Clemson arrives with a team that has been successful at slowing the pace, protecting the basketball and playing strong half-court defense. The Tigers are second in the NCAA in opponent field goal percentage (34.1), third in 3-point field goal defense (21.2 percent) and sixth in blocked shots (8 a game).
The Tigers have held seven of their eight opponents below 60 points this season and is 7-0 in those. Massachusetts, the only team to beat Clemson so far, scored 62.
“They really do a good job of packing it in there and making your shoot difficult shots,” Anderson said. “Whether they’re in a man defense or a zone, they make you take difficult shots. And they want it to be a possession game.
“So how do you keep the score down? You slow down the number of possessions. That’s how you do it. That’s what they do. But they’re capable of scoring as well.”
Clemson is led by junior K.J. McDaniels, who is averaging 17.1 points a game. The 6-foot-6 guard reminds Anderson of Arkansas guard Michael Qualls because of his athleticism and ability to make an impact on both ends of the floor.
McDaniels has topped the 20-point mark in five games this season, including a career-high 22 in a win against Coastal Carolina.
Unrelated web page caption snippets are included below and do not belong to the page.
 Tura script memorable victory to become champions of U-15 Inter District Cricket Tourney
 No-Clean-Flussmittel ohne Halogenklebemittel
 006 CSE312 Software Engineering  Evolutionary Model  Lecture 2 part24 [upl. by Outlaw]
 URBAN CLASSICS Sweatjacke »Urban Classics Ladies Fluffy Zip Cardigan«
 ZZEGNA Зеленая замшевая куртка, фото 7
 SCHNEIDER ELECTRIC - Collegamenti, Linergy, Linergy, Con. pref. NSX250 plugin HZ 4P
He’s also averaging a team-high 3 blocks a game, The Birmingham, Ala., native played high school basketball with Arkansas forward Jacorey Williams. Anderson also has known him for years.
“He’s going to be a big challenge because he’s an energy guy,” Anderson said. “He scores a lot of different ways. He’s going to get two or three dunks just hanging around the basket or running the floor. He’s putting the ball on the floor as well.”
Anderson said McDaniels, Clemson’s experienced backcourt, or the Tigers’ defense won’t change Arkansas’ objective today.
“Harassment,” Anderson said. “Don’t let them get comfortable in what they want to do. We’ve got to rebound the basketball, because they’re a very good rebounding team. We’ve got to attack the glass, and we’ve got to get to their bench.”
Madden also said Arkansas’ defense will be key to breaking through Clemson’s difficult defense.
“Just giving them pressure,” Madden said. “That starts turnovers and tough shots. Shots they don’t normally make. We get those rebounds and we push them.”
Arkansas has won 18 straight in Bud Walton Arena entering today’s game, which is the first between the programs since the Razorbacks beat Clemson 62-60 during the 1961-62 season. The Razorbacks also have won 38 straight home games against unranked nonconference opponents dating back to 2009.
Both of those streaks are on the line against Clemson, which has been successful in suffocating opponents so far this season. But Anderson said his team carries plenty of confidence into its next test after a solid showing in Maui and Tuesday’s easy win.
“The last game against Southeastern Louisiana was probably one of our better games from start to finish,” Anderson said. “Playing as many guys as we did and to sustain the continuity, that was important. It just shows me that our guys are attentive and they’re trying to do the things we ask them to do. So this will give us an another opportunity to go out and play against a very good basketball team.”